WORK INSTRUCTIONS >> In the entries below, which lines run from the one containing "bike stem pad" to the one containing "2026 Suzuki Jimny"? Copy exactly those lines, ends included, and no others.

EXERCISE MATERIAL >>
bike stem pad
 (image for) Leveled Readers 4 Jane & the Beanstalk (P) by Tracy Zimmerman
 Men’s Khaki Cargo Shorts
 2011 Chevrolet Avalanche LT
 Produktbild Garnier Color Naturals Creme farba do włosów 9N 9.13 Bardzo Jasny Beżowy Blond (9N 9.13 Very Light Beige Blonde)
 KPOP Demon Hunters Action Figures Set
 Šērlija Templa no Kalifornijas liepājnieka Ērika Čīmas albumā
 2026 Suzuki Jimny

---

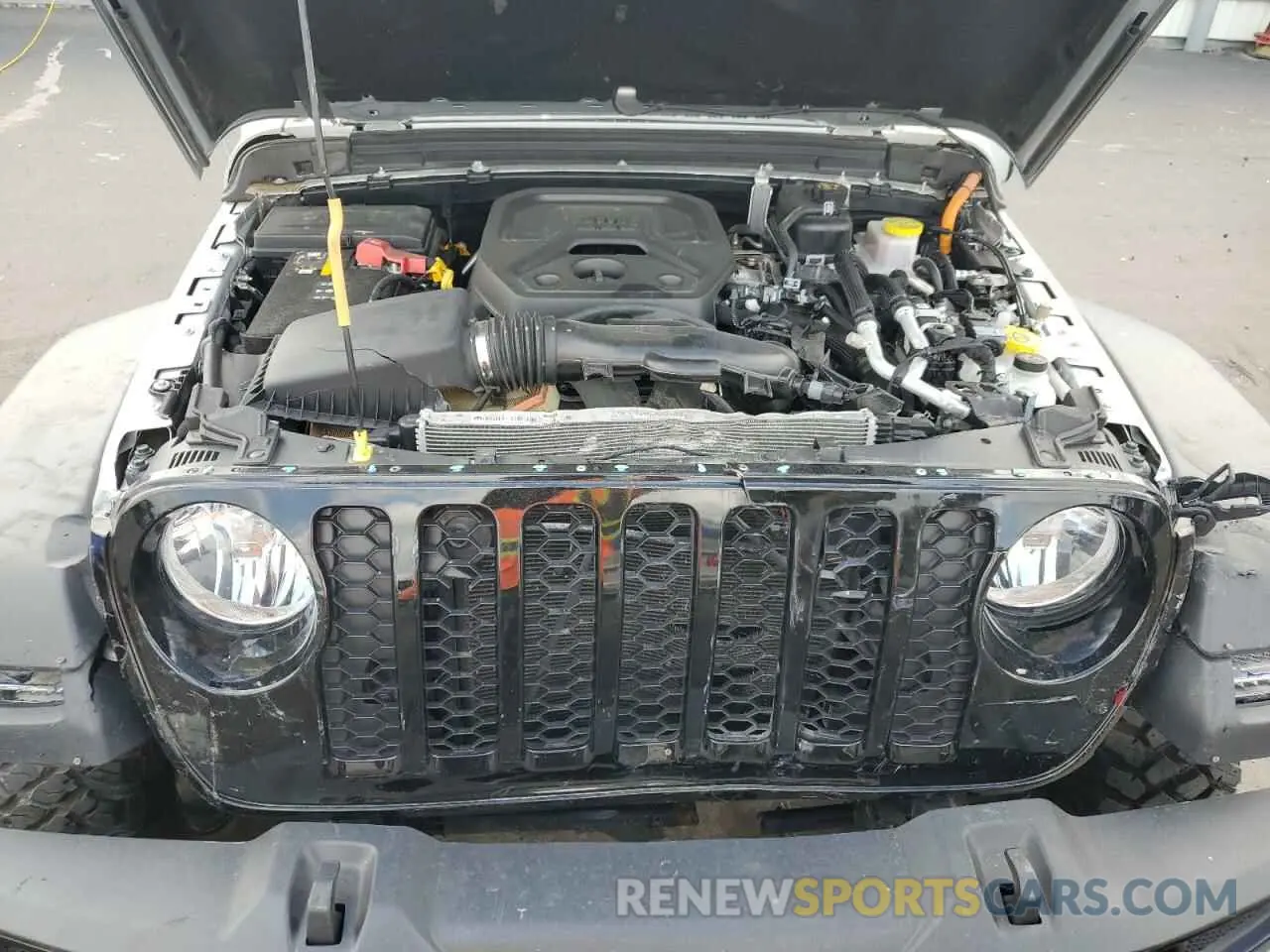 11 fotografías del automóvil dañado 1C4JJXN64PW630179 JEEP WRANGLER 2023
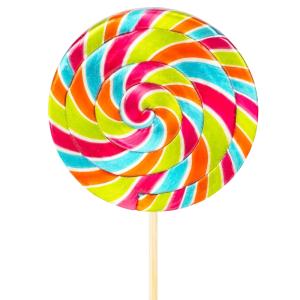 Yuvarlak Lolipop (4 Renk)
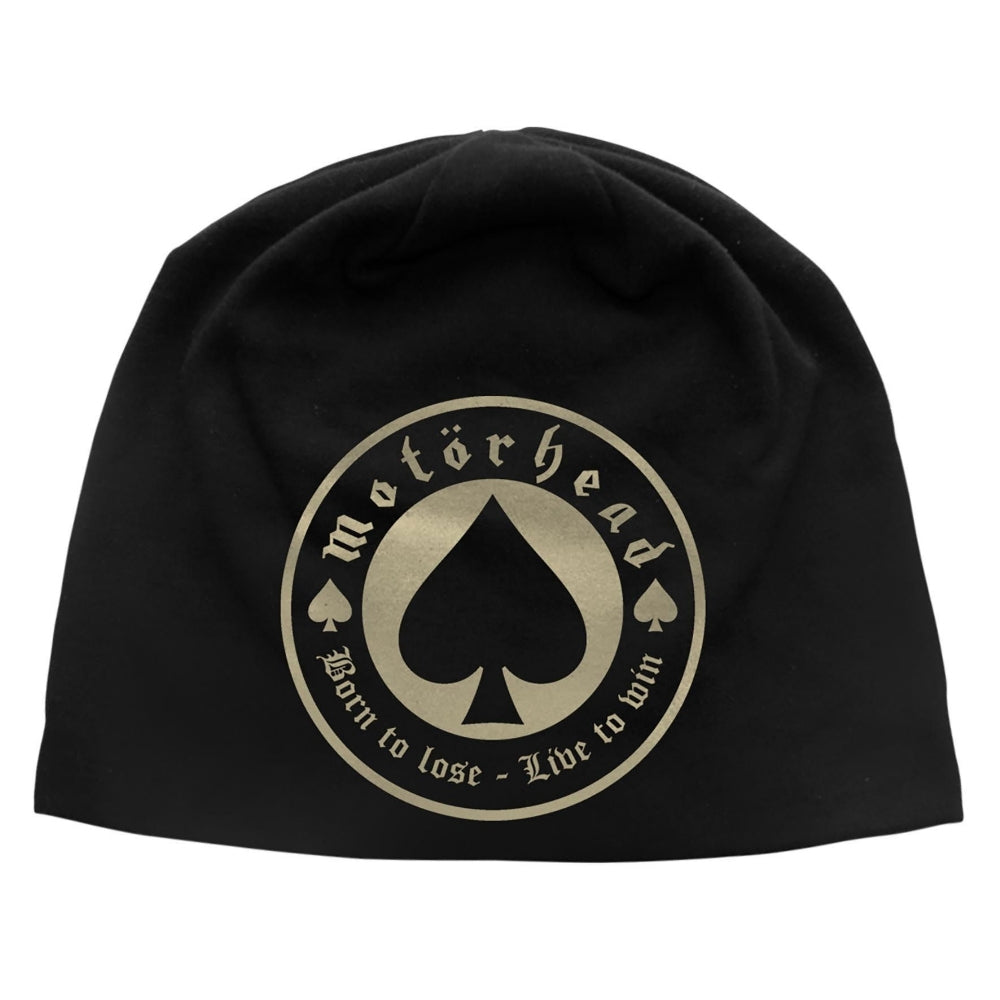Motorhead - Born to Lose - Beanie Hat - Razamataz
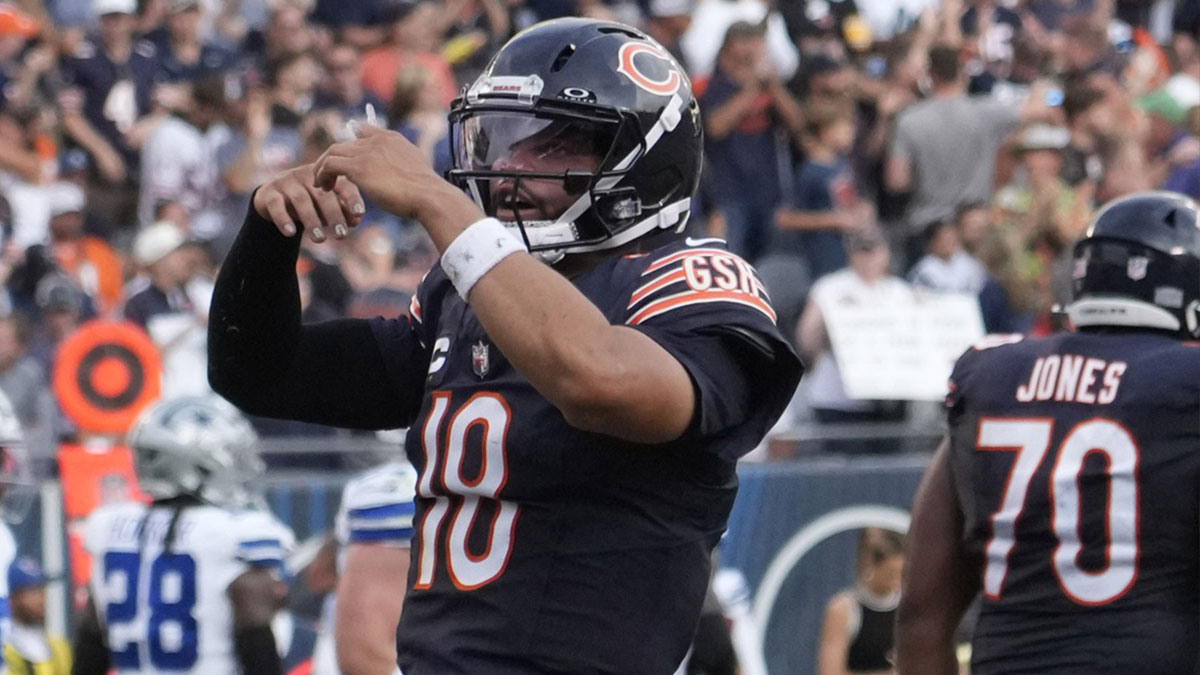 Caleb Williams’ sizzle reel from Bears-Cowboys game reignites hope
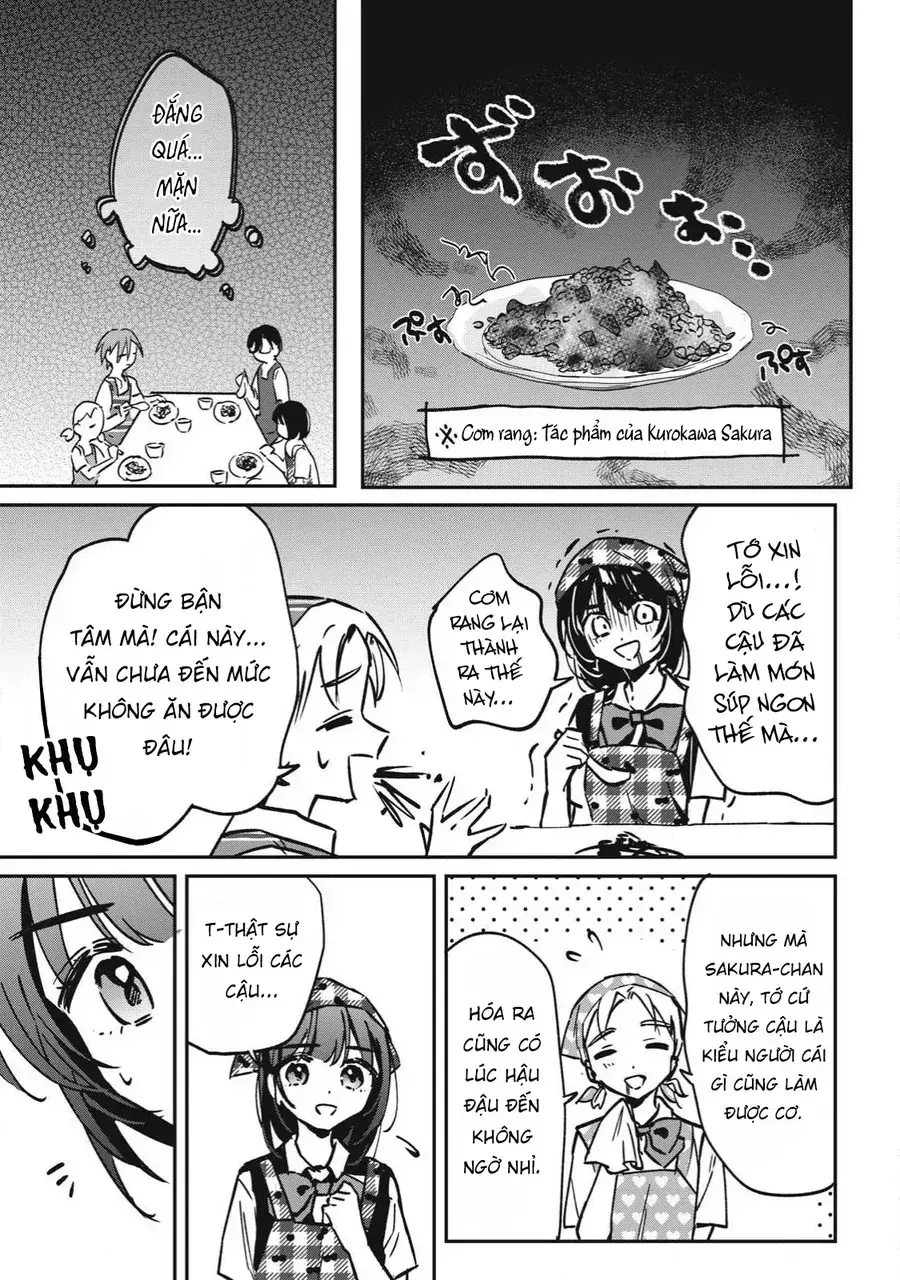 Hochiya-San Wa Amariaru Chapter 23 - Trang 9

---

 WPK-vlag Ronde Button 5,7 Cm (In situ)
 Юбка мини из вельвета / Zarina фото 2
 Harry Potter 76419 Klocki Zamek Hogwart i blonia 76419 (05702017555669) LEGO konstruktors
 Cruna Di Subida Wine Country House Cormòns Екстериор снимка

EXERCISE OUTPUT >>
bike stem pad
 (image for) Leveled Readers 4 Jane & the Beanstalk (P) by Tracy Zimmerman
 Men’s Khaki Cargo Shorts
 2011 Chevrolet Avalanche LT
 Produktbild Garnier Color Naturals Creme farba do włosów 9N 9.13 Bardzo Jasny Beżowy Blond (9N 9.13 Very Light Beige Blonde)
 KPOP Demon Hunters Action Figures Set
 Šērlija Templa no Kalifornijas liepājnieka Ērika Čīmas albumā
 2026 Suzuki Jimny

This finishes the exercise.